Of course, there is one big issue with all of this; how to get the statements, in a machine readable format. Scientific papers are complex things, and teaching machines to read them is right up there in the really hard category of natural language processing. I’m told that authors are very unlikely to want to put the time in to do this. I’m inclined to believe that, though it was once said that authors wouldn’t deposit DNA or protein sequences in international databases.

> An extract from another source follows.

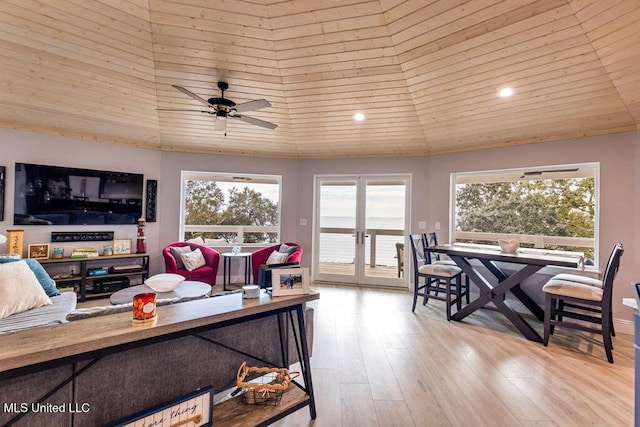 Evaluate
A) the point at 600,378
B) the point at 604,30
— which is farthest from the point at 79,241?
the point at 604,30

If only there were people out there who could take the author output and derive a set of declarative statements as part of say, an editorial process. This is something that publishers could do. Some publishers already spend considerable time and money on maintaining ontologies that could be used for the purposes of standardizing the machine readable output. Perhaps scholarly societies could play a role here as well. I’m constantly struck by the fact that for all the noise about making the research output available for mining, the fact is, that the current article format is written for humans, by humans. Surely, it would be a better to generate the computable elements of a given paper, minus all the human needed cruft, and simply supply that rather than try to retrospectively extract statements and sentiment from the complexity of a modern research article. Machine readable articles, built on author/editor/publisher curated declarative statements and the associated data (or links thereto), could be a way of generating metrics that get us nearer to a ‘standard candle’ of scientific research output.